A padroeira do Brasil

Autora do livro 21 Nossas Senhoras que inspiram o Brasil, a jornalista Bell Kranz conta que a devoção mariana foi trazida ao Brasil já pelas esquadras de Pedro Álvares Cabral — em um dos barcos foi trazida uma imagem da santa. “[A tradição] chegou essencialmente pelos portugueses, pelos colonizadores”, explica. “O Tomé de Sousa [primeiro governador-geral do Brasil] chegou à Bahia já com uma imagem da santa na bagagem… Nossa Senhora da Conceição! E logo erigiu uma capelinha em Salvador, que hoje é a grande catedral Conceição da Praia [Basílica Nossa Senhora da Conceição da Praia].”


“Eu diria que o Brasil foi escolhido por Nossa Senhora, não é fanatismo dizer isso”, comenta Lira. Para ele, há uma “predileção especial de Nossa Senhora para com esta terra”.


“Nossa Senhora da Conceição, Nossa Senhora das Dores, Nossa Senhora das Candeias (a mesma da Candelária e da Purificação), Nossa Senhora Aparecida (que é a mesma Conceição), penso que são as mais importantes para o Brasil pela veneração que o povo lhes atribui”, acrescenta o hagiólogo.


“É claro que cada Estado brasileiro tem sua devoção. Por exemplo, na Bahia há uma forte devoção à Nossa Senhora da Boa-Morte. Em Minas Gerais, Nossa Senhora da Piedade que é a mesma Nossa Senhora das Dores e por aí vai. No Pará, em Belém, temos a linda manifestação à Nossa Senhora de Nazaré que anualmente leva milhões ao Círio de Nazaré. Aqui no Ceará é interessantíssima a devoção a Nossa Senhora das Dores, em Juazeiro do Norte, por exemplo. E qual a razão? Não dá para explicar concretamente. É algo meio que filial mesmo. Amor de filho à sua mãe e uma mãe que é mãe de todas as mães, pais e filhos.”

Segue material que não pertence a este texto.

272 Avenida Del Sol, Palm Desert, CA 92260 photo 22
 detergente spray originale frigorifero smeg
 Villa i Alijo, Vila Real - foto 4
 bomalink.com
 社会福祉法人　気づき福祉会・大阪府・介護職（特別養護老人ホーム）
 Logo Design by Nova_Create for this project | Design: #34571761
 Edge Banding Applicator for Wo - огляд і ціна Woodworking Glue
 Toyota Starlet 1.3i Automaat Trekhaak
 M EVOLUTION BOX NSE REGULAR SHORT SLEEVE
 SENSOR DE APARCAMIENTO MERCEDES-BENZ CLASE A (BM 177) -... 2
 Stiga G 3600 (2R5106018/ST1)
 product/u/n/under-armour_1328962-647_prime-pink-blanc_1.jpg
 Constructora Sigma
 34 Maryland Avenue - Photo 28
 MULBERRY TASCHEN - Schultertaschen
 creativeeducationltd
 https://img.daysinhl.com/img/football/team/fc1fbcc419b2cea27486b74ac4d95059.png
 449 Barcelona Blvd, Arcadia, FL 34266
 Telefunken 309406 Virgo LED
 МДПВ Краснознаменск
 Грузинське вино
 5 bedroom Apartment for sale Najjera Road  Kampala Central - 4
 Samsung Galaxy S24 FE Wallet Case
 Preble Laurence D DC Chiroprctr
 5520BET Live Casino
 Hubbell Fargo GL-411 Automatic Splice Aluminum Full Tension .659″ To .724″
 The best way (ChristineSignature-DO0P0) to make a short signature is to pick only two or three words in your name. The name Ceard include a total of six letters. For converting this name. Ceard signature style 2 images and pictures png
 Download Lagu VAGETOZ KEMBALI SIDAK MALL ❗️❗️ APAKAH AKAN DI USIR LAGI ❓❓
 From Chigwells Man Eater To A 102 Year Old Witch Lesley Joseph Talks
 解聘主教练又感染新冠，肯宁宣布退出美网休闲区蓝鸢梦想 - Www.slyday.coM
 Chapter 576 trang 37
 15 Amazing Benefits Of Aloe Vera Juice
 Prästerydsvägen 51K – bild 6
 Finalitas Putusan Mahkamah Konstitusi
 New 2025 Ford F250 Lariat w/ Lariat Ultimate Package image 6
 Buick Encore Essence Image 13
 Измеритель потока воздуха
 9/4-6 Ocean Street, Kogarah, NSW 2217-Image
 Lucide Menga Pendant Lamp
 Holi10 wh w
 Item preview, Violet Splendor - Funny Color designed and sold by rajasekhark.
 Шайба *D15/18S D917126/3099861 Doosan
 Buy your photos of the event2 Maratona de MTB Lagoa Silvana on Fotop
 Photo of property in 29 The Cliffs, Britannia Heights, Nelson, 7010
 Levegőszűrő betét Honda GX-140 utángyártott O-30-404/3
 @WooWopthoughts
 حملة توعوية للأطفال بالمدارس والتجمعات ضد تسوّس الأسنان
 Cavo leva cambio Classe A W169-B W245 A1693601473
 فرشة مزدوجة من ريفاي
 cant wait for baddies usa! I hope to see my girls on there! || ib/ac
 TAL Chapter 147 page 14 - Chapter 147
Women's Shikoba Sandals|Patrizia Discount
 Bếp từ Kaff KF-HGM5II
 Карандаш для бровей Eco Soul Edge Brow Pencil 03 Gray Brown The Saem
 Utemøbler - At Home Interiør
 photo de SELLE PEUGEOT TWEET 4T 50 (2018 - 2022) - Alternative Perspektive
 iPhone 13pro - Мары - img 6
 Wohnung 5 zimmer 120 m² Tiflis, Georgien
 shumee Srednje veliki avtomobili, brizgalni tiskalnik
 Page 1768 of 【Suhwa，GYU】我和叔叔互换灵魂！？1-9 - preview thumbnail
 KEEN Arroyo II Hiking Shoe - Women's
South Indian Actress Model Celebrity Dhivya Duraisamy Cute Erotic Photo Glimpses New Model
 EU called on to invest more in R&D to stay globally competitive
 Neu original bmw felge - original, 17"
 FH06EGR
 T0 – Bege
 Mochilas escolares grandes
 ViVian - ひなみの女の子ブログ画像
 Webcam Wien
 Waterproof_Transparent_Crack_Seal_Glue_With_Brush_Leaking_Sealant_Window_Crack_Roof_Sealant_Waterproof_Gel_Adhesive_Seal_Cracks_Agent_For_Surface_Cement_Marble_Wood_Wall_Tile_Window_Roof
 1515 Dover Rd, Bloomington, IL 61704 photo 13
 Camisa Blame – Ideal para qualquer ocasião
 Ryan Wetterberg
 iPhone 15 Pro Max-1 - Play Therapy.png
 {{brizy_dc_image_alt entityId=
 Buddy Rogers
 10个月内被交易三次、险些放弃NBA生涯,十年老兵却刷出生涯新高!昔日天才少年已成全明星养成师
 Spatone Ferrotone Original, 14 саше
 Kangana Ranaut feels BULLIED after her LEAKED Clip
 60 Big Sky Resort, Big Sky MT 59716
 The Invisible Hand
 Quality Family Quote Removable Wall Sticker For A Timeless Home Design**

Kranz atenta para o fato de que, dada a religiosidade católica inerente à própria construção da nação brasileira, “desde a colonização, Nossa Senhora está presente em todos os momentos de nossa história”.


E a ligação brasileira com a santa é umbilical. Isto porque, como bem lembra a jornalista, em 1646 o então rei português dom João 4º”consagrou todo o reino, incluindo aí as colônias, a Nossa Senhora”. “Aí, 217 anos depois do descobrimento do Brasil, ela apareceu lá para os pescadores [Nossa Senhora Aparecida]”, acrescenta Kranz.


Nossa Senhora

Maria se tornou “Nossa Senhora”, assim chamada, somente no fim do período medieval. Mas, historicamente, a Igreja já a reconhecia como “Mãe de Deus” muito antes — mais precisamente a partir do século 5, depois do Concílio de Éfeso, em 431. “[É quando] Maria recebe o título de Thotòkos, a Mãe de Deus, dogma que define explicitamente a maternidade divina de Maria. Daí em diante, ela passa a ocupar, por exemplo, o posto principal, o conteúdo da imagem do presépio se amplia e praticamente esse ícone resume a história da salvação”, esclarece De Tommaso.


De acordo com o mariologista Guimarães, Maria “ganha destaque sociológico, cultural e religioso” no período medieval. É quando ela adquire “caráter de poder”, tornando-se “aquela que destrói o mal”. Assume características fortes, “ganha rosto de rainha”. Assim, passa a ser invocada como “guerreira”, “a mulher que combate o mal e, com poder militar, destrói as heresias”.


“Maria passa da dimensão cultural para a política”, compara ele. “No período feudal, diante da opressão, Maria se torna a padroeira para os que nela buscam auxílio, e em troca de proteção, o fiel a louva com oração e atos de caridade.”


A santa passa a ser invocada “como a mãe que protege diante da ira de Deus, por algum pecado cometido, não só de forma individual mas também comunitária”.


“Com o surgimento das ordens mendicantes, Maria se aproxima das pessoas, ela é tirada do trono de realeza, onde fora colocada pela teologia monástica, e se faz irmã, pobre e vizinha das pessoas”, diz Guimarães.


Ao fim do período medieval, Maria já era um ícone consolidado dentro do catolicismo, tema constante das pregações e protagonista de tradições como medalhinhas, procissões, novenas e outras manifestações.